| BRIEF |
Use the entries below and reproduce exactly the lines from the one containing "8965 Laurel Way" down to the one containing "a small bedroom", both of them included.
RECORDS FOR THIS TASK section start
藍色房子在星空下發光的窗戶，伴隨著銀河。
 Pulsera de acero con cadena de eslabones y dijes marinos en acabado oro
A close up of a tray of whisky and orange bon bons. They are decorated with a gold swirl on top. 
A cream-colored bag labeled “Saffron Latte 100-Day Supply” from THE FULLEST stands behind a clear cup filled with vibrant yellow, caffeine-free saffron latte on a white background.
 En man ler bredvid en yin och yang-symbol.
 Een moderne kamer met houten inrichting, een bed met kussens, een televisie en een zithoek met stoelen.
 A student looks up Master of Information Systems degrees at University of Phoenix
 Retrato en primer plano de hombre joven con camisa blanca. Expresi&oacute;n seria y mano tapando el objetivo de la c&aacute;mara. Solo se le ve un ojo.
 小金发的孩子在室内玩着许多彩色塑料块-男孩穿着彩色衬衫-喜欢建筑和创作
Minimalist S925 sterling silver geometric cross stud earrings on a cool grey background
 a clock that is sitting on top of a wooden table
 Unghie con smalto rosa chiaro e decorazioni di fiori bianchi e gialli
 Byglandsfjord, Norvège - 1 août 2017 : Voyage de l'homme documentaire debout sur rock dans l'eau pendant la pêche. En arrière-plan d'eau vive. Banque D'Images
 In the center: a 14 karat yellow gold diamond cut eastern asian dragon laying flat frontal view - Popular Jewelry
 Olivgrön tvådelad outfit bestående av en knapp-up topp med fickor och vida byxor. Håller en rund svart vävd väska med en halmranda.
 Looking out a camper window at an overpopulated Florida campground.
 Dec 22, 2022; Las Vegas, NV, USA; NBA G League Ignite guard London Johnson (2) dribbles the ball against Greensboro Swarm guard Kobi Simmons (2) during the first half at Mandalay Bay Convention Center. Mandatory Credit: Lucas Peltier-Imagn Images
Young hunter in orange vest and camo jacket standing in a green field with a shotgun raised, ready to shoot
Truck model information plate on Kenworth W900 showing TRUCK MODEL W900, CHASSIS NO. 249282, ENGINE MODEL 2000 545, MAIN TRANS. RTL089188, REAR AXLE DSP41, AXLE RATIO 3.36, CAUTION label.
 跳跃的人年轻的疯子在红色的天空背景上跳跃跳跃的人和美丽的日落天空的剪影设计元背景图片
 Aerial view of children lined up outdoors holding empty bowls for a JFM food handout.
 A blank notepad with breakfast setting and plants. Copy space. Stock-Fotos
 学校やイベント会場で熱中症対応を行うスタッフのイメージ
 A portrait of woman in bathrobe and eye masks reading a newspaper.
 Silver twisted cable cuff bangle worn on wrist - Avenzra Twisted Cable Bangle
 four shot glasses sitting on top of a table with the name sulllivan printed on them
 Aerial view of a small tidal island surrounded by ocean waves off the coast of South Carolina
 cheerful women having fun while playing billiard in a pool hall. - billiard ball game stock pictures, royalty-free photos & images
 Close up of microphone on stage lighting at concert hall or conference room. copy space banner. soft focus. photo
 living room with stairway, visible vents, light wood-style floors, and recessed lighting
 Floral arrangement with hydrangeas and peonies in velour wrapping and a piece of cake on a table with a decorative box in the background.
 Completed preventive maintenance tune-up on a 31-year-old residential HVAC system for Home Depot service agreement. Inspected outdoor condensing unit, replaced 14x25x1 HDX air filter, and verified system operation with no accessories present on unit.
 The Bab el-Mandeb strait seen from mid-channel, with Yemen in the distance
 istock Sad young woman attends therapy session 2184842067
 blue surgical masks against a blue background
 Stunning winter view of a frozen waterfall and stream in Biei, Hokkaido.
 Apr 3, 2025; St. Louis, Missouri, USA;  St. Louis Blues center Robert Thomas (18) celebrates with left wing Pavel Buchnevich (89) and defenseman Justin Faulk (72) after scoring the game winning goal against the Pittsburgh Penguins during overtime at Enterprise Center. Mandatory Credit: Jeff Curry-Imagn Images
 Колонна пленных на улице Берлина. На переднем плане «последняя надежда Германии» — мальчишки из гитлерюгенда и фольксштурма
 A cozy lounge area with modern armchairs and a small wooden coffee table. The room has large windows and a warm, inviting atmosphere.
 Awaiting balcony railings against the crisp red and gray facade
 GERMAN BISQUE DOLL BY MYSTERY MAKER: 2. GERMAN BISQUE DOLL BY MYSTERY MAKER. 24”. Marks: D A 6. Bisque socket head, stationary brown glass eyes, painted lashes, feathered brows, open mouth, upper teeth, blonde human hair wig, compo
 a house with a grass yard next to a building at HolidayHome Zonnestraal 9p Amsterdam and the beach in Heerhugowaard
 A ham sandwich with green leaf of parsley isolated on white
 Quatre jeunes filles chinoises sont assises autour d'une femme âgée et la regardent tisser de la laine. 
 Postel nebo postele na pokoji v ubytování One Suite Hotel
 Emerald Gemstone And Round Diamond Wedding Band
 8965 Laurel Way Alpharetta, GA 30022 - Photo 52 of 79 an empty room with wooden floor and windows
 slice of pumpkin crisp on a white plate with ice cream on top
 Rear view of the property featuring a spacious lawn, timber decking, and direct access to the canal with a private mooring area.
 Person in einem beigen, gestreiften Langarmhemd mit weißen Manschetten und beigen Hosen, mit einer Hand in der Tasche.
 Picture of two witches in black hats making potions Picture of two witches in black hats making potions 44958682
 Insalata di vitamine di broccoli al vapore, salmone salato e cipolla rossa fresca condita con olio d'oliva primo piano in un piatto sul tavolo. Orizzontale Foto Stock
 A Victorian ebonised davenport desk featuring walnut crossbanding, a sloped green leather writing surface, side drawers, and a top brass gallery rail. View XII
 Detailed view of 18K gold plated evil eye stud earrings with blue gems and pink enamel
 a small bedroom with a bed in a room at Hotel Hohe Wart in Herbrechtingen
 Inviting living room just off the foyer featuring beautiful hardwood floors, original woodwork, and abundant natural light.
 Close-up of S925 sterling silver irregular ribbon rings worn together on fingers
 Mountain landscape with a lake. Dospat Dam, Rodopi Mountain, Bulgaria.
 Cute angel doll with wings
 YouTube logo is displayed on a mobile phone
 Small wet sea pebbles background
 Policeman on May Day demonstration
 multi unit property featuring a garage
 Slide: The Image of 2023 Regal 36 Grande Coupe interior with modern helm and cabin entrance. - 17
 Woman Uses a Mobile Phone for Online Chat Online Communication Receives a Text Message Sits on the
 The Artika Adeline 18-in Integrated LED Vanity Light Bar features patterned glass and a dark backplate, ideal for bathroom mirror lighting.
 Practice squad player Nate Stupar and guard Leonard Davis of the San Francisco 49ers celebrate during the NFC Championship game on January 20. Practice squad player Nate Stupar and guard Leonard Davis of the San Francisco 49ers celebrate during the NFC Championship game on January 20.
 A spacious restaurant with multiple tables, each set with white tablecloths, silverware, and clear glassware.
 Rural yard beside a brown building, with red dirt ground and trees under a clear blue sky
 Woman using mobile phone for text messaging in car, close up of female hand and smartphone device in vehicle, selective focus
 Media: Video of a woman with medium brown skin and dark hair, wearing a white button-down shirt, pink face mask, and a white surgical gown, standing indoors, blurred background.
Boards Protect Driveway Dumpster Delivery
RECORDS FOR THIS TASK section end
| RESPONSE |
 8965 Laurel Way Alpharetta, GA 30022 - Photo 52 of 79 an empty room with wooden floor and windows
 slice of pumpkin crisp on a white plate with ice cream on top
 Rear view of the property featuring a spacious lawn, timber decking, and direct access to the canal with a private mooring area.
 Person in einem beigen, gestreiften Langarmhemd mit weißen Manschetten und beigen Hosen, mit einer Hand in der Tasche.
 Picture of two witches in black hats making potions Picture of two witches in black hats making potions 44958682
 Insalata di vitamine di broccoli al vapore, salmone salato e cipolla rossa fresca condita con olio d'oliva primo piano in un piatto sul tavolo. Orizzontale Foto Stock
 A Victorian ebonised davenport desk featuring walnut crossbanding, a sloped green leather writing surface, side drawers, and a top brass gallery rail. View XII
 Detailed view of 18K gold plated evil eye stud earrings with blue gems and pink enamel
 a small bedroom with a bed in a room at Hotel Hohe Wart in Herbrechtingen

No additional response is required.